“The easiest thing in the world was to lose touch with someone.”
— Leslie T. Chang, Factory Girls
I came across this line while reading Leslie T. Chang's Factory Girls, a book about China's rural young women who migrate to cities seeking work, identity, and independence. It struck something deep. The line is simple, but not hollow. In fact, it feels heavy—like a quietly spoken truth that swells with the weight of what it leaves unsaid. These girls, moving from factory to factory, job to job, were not just losing touch with people, but with parts of themselves, traded in for survival, for motion, for modernity.
And perhaps that's what I'm feeling, too. Reading this book, written by a Chinese woman trying to reconcile the distance between place and self, I found myself reflecting on my own liminal state—an immigrant with dual citizenship, both tethered and untethered to the United States. Always partially within, always partially outside. The easiest thing in the world is to lose touch with people. But what happens when we lose touch with care? With responsibility? With ground truths?
It seems we are all becoming experts at disconnection. Especially those of us in white-collar knowledge work, who can name every Supreme Court decision and quote every pop-culture hot take but can't remember the last time we talked to a neighbor struggling with rent. I wonder if comfort is dulling our senses. If the abstraction of labor, of data, of policy, has become a shield against inconvenient empathy.
There are statistics that say something about this. That Democrats, despite being a party of "the people," are increasingly concentrated in cities and online, less engaged in face-to-face organizing, more reliant on digital signaling. That working-class participation in political life is declining, even as inequality rises. That voters with the most material precarity are often the ones with the least faith that voting matters at all.
What does that mean for the future we're supposedly building?
Tech leaders like Sam Altman promise UBI and post-capitalist liberation through artificial intelligence. They imagine a future where none of us has to work, where machines generate wealth and governments redistribute it. It's a nice story. But it depends on a benevolent state, and it presumes a shared moral commitment to each other.
But what if the systems being built aren’t designed for care?
This is where the dovetail begins—and it is awkward, uneasy, and important.

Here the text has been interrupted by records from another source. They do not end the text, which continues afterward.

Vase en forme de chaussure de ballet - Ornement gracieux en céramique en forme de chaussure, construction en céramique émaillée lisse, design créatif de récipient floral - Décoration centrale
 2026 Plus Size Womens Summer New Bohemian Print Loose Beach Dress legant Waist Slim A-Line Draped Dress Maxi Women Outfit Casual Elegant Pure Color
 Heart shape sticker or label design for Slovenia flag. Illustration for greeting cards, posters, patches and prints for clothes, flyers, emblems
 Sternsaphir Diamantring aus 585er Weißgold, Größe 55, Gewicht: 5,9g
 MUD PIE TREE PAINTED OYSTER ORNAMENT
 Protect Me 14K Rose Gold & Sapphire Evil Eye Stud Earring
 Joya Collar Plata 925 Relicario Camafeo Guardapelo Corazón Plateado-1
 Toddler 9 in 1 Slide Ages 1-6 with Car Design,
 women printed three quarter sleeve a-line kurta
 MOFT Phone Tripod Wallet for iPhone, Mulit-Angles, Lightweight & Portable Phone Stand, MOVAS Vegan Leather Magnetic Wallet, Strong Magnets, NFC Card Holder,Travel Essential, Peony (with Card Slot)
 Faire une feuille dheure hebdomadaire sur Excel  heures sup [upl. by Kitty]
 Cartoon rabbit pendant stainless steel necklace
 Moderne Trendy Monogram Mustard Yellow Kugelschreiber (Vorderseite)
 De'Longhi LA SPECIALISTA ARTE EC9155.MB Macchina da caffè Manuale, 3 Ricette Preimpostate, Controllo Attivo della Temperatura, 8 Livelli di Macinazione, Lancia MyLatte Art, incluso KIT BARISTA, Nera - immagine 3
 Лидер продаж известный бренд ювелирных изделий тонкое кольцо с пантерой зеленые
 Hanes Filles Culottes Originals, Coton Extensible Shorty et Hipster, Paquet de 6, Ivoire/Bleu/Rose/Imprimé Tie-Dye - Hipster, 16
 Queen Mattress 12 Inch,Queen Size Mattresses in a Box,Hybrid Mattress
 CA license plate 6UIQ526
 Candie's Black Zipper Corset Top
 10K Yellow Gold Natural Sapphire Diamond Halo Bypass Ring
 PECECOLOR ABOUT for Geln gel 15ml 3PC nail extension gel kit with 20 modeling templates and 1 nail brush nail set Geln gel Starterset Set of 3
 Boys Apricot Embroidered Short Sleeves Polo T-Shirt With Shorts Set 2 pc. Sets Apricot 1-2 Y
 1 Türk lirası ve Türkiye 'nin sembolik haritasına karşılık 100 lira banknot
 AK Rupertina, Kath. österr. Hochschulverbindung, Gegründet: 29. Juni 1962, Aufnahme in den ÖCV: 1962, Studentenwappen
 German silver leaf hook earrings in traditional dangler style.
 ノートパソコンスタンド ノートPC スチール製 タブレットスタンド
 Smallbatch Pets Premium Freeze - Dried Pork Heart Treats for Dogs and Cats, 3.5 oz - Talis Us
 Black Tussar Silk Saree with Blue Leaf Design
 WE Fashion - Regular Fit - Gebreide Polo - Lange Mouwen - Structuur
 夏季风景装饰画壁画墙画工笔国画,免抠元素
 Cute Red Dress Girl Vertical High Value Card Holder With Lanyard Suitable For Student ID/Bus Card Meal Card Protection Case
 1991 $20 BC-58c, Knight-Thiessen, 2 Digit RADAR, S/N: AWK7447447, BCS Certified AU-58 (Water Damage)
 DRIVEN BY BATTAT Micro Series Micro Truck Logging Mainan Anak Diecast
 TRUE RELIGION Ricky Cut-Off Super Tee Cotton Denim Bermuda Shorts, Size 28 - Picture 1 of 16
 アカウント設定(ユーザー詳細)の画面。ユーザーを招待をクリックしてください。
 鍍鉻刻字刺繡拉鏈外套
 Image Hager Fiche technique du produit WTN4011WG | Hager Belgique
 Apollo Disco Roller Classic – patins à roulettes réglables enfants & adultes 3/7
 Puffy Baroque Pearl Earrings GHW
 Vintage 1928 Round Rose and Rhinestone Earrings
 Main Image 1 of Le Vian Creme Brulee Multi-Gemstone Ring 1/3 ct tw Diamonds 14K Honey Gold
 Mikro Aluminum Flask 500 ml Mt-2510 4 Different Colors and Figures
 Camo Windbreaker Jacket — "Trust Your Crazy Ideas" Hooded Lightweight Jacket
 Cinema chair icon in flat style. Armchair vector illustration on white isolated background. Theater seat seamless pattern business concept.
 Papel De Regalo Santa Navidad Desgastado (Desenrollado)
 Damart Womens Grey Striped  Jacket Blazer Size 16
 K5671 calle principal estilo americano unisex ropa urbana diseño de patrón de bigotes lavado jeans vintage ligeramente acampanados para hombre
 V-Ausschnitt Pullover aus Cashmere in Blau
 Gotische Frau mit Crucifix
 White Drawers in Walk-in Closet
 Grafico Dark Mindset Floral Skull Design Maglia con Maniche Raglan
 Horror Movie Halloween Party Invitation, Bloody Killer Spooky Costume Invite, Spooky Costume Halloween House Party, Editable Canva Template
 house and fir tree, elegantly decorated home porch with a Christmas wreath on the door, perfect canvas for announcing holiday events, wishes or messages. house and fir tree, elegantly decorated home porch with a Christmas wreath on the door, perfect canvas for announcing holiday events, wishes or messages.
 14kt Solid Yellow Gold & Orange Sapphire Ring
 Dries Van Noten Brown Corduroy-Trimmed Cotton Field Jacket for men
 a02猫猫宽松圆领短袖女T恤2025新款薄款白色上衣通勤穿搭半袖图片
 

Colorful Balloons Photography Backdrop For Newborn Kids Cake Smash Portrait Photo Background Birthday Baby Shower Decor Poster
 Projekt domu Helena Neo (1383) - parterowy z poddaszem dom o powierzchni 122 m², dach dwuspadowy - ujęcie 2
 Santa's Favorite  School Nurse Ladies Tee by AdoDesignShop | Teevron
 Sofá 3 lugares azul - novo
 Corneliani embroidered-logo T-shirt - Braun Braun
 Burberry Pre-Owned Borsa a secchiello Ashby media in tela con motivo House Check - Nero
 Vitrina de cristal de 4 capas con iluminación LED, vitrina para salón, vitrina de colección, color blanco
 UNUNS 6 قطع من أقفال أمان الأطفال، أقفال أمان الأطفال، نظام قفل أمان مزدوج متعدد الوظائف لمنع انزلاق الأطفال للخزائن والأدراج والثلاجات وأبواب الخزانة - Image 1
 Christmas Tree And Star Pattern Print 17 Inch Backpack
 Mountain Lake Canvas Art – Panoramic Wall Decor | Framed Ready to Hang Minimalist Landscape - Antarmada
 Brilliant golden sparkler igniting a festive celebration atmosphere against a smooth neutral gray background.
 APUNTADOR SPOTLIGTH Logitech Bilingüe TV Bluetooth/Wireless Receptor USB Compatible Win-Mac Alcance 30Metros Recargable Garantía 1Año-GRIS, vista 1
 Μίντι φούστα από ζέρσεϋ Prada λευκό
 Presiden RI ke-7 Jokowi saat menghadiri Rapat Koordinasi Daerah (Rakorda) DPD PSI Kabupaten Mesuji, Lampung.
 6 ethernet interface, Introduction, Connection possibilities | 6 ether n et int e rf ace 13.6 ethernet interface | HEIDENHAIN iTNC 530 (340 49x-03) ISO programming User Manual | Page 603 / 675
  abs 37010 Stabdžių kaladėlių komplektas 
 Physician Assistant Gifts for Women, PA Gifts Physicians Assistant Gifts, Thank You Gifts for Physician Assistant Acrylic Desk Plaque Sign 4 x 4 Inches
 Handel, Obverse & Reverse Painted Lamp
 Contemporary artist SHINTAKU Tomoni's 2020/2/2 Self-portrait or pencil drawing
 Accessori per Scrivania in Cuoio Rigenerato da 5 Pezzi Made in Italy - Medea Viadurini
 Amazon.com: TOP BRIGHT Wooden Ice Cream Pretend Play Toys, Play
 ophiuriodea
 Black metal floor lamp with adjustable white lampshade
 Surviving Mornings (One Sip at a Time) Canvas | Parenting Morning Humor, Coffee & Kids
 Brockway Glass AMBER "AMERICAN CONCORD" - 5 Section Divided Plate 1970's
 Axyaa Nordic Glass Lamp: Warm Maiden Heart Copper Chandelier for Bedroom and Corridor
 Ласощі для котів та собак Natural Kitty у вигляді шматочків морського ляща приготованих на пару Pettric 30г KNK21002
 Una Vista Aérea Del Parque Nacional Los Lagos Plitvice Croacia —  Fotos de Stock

As an immigrant, I see the promise of abundance with a different kind of skepticism. I come from a world where systems don't automatically protect you, where your rights are conditional, where the rule of law can be bent or blurred depending on your proximity to power. So when I hear American tech founders talk about UBI as if it were inevitable, I wonder: inevitable for whom? Administered by what kind of state? Informed by what kind of morality?
The Trumpian vision of government is not some temporary anomaly. It is a deliberate reimagining of the state as an instrument of loyalty and punishment, not fairness. We see it in efforts to replace career civil servants with ideologues. We see it in the erasure of words like "gender" and "disability" from federal language. We see it in the way public health and public education are being gutted under the pretense of efficiency.
Is it so difficult to imagine these two ideologies—Altman’s benevolent algorithm and Trump’s authoritarian state—meeting in the middle?
A future where UBI exists, but only for those who align with certain values. Where automation reduces labor, but also makes workers more disposable. Where the social safety net is not strengthened, but privatized, conditional, monitored. A future where tech offers the illusion of equity while power continues to entrench hierarchy.
Capitalism may not collapse—it may just change costumes. Post-capitalism could easily look like this: a privatized state, a surveillance society, a managed class of citizens whose needs are anticipated by algorithms but never truly met. A country that pretends to offer choice while narrowing the boundaries of what it means to participate.
And in that world, the easiest thing to do will still be to lose touch with people. But it won’t be an accident. It will be the design.
But there is a counterweight to this vision—a deeper truth about human value that resides in the kinds of work we are taught not to aspire to. Teaching. EMTs. Hospice care. Warehouse night shifts. Cleaning hotel rooms. Driving buses. Preparing meals in school cafeterias. These are not jobs meant to scale, automate, or "optimize." They are work that returns us to one another. That require—and reward—presence, care, human intelligence.
These blue-collar and care-centered occupations may be the only ones left with the power to restore a sense of equilibrium. Rather than pushing everyone into tech-driven abstraction, perhaps we need more people to move in the opposite direction: toward the professions that keep us alive, grounded, and interdependent.
The intelligent application of AI should support this—not supplant it. What if we used machine intelligence not as governance, but as augmentation? As scaffolding that lifts workers without redacting their senses or stripping away their humanity? Imagine AI that helps an EMT anticipate what’s next in a crisis, but doesn’t decide whose life is worth more. Imagine software that eases paperwork for teachers without prescribing how children should learn. Imagine tools that empower caregivers, not track them.
The future cannot simply be automated—it has to be animated by values. If we want something different—if we believe a liberated future requires more than machines—we will need to reconnect. With labor. With place. With discomfort. We will need to remember that progress isn’t what we build. It’s what we refuse to abandon.